Trump’s tweet came after a rocket was fired into the Iraqi capital Baghdad’s heavily fortified Green Zone, which houses government buildings and diplomatic missions, on Sunday night, falling near the US Embassy but causing no casualties.
A US State Department official noted that there had so far been no claim of responsibility, and that no US-inhabited facility was impacted, Reuters reported.
“But, we take this incident very seriously,” the official said. “We will hold Iran responsible if any such attacks are conducted by its proxy militia forces or elements of such forces, and will respond to Iran accordingly.”
The Iraqi military said the Katyusha rocket fell in the middle of the Green Zone, near the Monument of the Unknown Soldier. The monument lies in open ground about half a kilometer north of the sprawling, riverside US Embassy compound. 
The embassy in Baghdad and US Consulate in the Iraqi Kurdish regional capital Erbil has already evacuated non-emergency staff, out of apparent concern about perceived threats from Iran.
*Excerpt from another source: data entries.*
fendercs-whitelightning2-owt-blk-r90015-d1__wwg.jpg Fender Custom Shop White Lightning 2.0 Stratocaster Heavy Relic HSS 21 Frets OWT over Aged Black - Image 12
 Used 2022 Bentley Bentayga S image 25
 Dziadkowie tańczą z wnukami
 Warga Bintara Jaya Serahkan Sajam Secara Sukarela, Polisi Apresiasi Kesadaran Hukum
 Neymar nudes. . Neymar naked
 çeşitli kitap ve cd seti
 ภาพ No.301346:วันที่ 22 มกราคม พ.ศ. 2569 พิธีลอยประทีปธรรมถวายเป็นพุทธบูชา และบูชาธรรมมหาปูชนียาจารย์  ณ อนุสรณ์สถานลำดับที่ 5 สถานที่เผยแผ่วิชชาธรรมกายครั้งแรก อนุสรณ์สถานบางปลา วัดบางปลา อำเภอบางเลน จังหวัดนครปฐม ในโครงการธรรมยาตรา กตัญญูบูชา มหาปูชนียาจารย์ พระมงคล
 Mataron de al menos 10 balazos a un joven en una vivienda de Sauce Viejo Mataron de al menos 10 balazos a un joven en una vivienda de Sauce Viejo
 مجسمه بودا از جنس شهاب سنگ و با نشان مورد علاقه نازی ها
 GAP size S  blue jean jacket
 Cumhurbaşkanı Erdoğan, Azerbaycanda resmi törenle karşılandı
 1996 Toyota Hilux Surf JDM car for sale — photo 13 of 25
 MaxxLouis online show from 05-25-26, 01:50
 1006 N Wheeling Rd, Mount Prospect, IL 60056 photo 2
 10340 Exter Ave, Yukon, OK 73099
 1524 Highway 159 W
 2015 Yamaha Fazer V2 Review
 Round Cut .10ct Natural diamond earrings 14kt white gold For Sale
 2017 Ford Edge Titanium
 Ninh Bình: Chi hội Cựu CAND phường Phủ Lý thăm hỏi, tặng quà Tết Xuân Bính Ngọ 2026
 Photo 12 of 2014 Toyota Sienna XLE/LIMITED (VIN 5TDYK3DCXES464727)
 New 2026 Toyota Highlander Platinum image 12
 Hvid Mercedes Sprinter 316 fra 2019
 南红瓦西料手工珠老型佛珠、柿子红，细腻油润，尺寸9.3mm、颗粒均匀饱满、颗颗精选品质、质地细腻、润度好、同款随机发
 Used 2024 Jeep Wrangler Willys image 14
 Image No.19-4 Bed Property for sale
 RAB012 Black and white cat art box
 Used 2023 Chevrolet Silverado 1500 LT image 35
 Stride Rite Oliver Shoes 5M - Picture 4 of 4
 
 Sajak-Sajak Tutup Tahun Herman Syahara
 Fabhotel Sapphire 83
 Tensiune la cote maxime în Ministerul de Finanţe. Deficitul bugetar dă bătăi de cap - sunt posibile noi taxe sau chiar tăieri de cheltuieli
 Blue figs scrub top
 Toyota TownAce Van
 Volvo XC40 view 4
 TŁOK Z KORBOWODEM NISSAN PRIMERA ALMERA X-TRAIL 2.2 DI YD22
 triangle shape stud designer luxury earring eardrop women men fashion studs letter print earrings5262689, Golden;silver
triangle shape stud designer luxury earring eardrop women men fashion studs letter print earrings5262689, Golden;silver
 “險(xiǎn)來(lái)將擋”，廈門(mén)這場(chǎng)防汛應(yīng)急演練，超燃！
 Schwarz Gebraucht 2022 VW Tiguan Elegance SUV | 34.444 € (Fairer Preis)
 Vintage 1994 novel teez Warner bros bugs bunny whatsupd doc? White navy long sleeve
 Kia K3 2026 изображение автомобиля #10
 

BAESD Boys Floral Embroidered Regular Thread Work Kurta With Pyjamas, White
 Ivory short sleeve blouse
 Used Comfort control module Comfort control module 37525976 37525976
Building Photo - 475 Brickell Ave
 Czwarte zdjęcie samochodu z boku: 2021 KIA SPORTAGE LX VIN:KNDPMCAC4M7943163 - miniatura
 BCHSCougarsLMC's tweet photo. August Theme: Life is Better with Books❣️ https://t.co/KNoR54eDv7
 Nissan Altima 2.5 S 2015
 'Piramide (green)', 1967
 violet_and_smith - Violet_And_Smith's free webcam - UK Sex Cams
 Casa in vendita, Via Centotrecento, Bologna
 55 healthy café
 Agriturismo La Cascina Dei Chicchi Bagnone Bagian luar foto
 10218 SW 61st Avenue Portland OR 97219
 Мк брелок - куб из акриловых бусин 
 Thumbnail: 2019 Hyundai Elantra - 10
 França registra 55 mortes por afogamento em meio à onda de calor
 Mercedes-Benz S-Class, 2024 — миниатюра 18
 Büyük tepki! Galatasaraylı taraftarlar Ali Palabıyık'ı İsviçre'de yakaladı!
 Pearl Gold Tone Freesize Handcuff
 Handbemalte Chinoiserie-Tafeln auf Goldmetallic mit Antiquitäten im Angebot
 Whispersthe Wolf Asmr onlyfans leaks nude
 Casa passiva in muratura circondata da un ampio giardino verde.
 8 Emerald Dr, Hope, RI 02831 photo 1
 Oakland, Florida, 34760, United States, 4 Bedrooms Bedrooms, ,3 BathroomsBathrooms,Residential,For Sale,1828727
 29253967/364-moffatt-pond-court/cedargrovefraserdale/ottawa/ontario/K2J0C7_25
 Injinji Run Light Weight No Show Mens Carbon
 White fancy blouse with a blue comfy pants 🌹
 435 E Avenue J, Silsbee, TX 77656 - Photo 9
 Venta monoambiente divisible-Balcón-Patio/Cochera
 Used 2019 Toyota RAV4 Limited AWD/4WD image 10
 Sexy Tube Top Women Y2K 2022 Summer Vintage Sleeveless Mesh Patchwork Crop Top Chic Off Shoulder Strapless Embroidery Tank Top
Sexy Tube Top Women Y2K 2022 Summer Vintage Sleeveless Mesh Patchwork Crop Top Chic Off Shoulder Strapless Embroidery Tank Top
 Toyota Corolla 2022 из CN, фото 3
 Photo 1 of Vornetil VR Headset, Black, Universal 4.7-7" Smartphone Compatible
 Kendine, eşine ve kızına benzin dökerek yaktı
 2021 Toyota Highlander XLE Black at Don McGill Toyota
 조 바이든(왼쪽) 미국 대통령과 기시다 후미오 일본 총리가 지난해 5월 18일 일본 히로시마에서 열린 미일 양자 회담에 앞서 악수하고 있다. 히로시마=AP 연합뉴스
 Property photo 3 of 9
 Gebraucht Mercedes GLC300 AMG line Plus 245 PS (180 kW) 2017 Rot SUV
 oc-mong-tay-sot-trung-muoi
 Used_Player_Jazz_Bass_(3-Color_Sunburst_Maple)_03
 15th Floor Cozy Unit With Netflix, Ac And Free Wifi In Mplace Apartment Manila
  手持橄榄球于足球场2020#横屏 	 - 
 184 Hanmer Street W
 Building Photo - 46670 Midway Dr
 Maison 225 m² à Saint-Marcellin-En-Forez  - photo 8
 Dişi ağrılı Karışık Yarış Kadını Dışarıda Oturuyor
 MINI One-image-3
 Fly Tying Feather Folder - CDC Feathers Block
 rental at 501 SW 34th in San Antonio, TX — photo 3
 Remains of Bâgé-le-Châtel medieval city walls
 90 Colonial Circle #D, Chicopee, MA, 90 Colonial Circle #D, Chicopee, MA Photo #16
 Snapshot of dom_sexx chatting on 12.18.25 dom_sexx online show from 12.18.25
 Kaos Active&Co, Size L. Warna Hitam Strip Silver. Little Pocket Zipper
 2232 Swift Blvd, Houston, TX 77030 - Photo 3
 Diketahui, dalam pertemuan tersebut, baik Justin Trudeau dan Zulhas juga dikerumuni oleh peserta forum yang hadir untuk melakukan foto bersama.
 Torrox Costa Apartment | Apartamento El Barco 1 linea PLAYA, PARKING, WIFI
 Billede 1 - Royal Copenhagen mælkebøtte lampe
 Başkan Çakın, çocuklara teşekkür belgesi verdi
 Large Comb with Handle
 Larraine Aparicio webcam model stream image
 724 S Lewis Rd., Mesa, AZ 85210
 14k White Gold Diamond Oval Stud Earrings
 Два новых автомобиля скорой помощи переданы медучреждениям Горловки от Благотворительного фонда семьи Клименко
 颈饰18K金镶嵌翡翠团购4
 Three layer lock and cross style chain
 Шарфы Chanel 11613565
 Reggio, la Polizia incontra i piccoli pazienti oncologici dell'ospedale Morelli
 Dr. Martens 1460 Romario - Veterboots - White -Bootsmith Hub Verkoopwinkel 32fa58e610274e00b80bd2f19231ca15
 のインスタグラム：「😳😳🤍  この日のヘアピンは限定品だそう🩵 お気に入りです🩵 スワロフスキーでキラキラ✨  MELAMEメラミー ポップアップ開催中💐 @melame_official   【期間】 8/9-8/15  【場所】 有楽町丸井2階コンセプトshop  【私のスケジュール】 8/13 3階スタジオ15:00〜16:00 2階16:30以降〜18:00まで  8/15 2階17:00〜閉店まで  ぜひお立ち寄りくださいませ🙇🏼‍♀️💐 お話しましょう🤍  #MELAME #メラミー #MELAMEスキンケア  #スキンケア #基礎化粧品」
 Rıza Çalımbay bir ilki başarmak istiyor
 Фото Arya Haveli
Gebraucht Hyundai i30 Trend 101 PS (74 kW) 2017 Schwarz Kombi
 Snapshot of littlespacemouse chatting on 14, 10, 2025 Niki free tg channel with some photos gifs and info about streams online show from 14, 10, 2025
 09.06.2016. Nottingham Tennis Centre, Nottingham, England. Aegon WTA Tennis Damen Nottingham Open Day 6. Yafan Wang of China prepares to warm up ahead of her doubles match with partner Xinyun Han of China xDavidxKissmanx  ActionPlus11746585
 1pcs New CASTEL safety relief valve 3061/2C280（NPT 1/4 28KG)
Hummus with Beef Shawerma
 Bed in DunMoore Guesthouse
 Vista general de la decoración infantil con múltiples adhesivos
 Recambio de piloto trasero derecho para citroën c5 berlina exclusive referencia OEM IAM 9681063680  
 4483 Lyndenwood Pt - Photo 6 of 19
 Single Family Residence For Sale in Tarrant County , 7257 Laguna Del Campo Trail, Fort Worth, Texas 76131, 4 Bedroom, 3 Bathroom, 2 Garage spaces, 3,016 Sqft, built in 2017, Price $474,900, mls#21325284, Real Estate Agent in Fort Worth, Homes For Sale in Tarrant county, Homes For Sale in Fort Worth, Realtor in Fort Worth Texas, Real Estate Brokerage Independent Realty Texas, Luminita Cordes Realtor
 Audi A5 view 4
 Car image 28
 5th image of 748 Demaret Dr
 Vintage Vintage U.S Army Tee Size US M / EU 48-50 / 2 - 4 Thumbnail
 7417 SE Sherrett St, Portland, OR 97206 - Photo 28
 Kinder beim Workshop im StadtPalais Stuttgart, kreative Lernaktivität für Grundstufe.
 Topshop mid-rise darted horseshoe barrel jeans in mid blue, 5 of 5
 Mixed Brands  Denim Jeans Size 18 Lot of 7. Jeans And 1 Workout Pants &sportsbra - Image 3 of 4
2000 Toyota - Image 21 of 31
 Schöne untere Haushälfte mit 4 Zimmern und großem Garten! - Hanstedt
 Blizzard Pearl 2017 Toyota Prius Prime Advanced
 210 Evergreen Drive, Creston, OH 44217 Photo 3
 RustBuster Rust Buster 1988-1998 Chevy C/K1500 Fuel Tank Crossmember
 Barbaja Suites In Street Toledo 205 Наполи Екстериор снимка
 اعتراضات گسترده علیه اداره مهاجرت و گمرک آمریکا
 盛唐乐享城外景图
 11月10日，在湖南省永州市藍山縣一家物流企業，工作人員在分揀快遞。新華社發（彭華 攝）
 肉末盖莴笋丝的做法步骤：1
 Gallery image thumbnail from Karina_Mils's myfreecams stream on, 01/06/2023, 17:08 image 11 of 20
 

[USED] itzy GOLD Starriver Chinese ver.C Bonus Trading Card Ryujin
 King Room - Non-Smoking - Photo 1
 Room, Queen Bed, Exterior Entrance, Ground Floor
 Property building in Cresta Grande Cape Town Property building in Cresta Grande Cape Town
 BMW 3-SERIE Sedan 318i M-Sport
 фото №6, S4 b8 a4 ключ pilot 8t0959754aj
Iran’s Iraqi allies rushed to condemn the attack and stressed that a war between Tehran and Washington would be bad for Baghdad and the whole region.
Militia leader and politician, Hadi al-Ameri, whose electoral block holds the second largest number of seats in Iraqi Parliament, urged Iraqis in a statement overnight “not to be the fire that fuels this war” that would “burn everyone”.
His sentiment was echoed by Qais al-Khazali, another prominent Iran-backed militia leader, who tweeted that a war would be neither in Washington’s nor in Tehran’s interests.